The National Bank of Ukraine (NBU) announced on May 3 that it was implementing the largest set of currency liberalization measures since the beginning of the full-scale war.
The measures are aimed at decreasing restrictions on businesses and currency controls. Ukraine implemented strict controls over its currency and tightly regulated foreign exchanges in 2022, hoping to stave off a collapse of the hryvnia.
"This move, together with other measures by the NBU, should allow Ukrainian businesses to 'breathe to their full potential' and help attract private capital to recover the economy," said NBU Governor Andriy Pyshnyy.
In a statement posted on the NBU website, the bank wrote that most of the measures would come into force on May 4.

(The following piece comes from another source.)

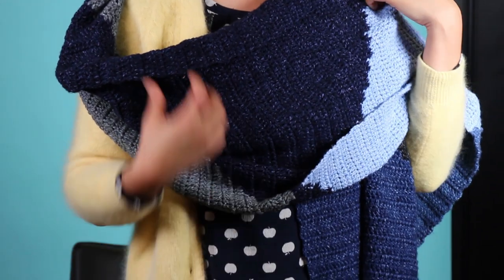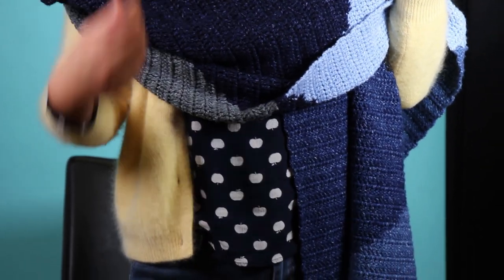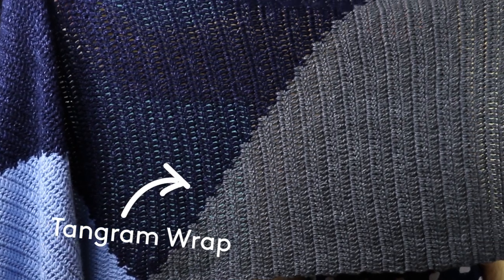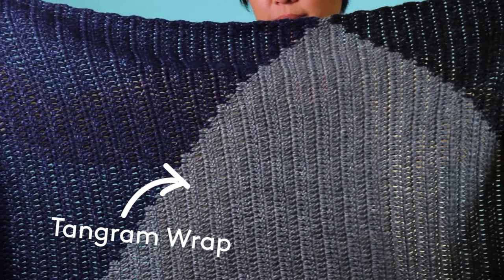By using different blues, it all kind of looks blue, but there's enough texture and enough variety in there that it gives a little bit of energy without it being just a solid piece of blue or a solid piece of gray.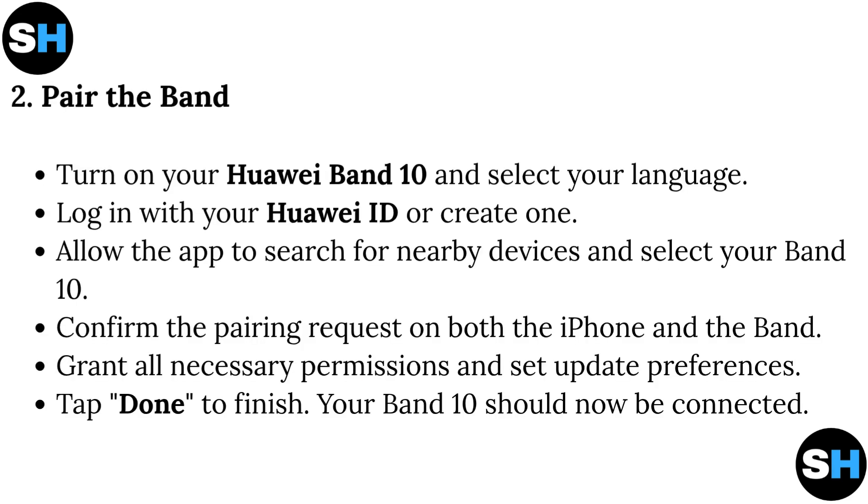Pair the band on iPhone: Turn on your Huawei Band 10 and select your language. Log in with your Huawei ID or create one. Allow the app to search for nearby devices and select your Band 10. Confirm the pairing request on both the iPhone and the band. Grant all necessary permissions and set update preferences. Tap Done to finish. Your Band 10 should now be connected.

The package consisted of the following six measures:
- the removal of all currency restrictions on the import of goods and services
- the possibility for businesses to repatriate new dividends
- the ability to transfer funds abroad for the purpose of renting or leasing
- the easing of restrictions on the repayment of new external loan
- the ability to repay interest on old external loans
- the relaxing of restrictions on the transfer of foreign currency from representative offices to their parent companies
The NBU wrote that the measures would lead to "a gradual increase in export revenue to Ukraine" and help Ukrainian businesses "to enter new markets, including those from which companies from (Russia) are displaced due to sanctions."
Following an almost 30% drop in Ukraine's GDP after the full-scale invasion, the International Monetary Fund (IMF) predicted in April that the GDP would grow by 3.2% in 2024 and possibly up to 6.5% in 2025.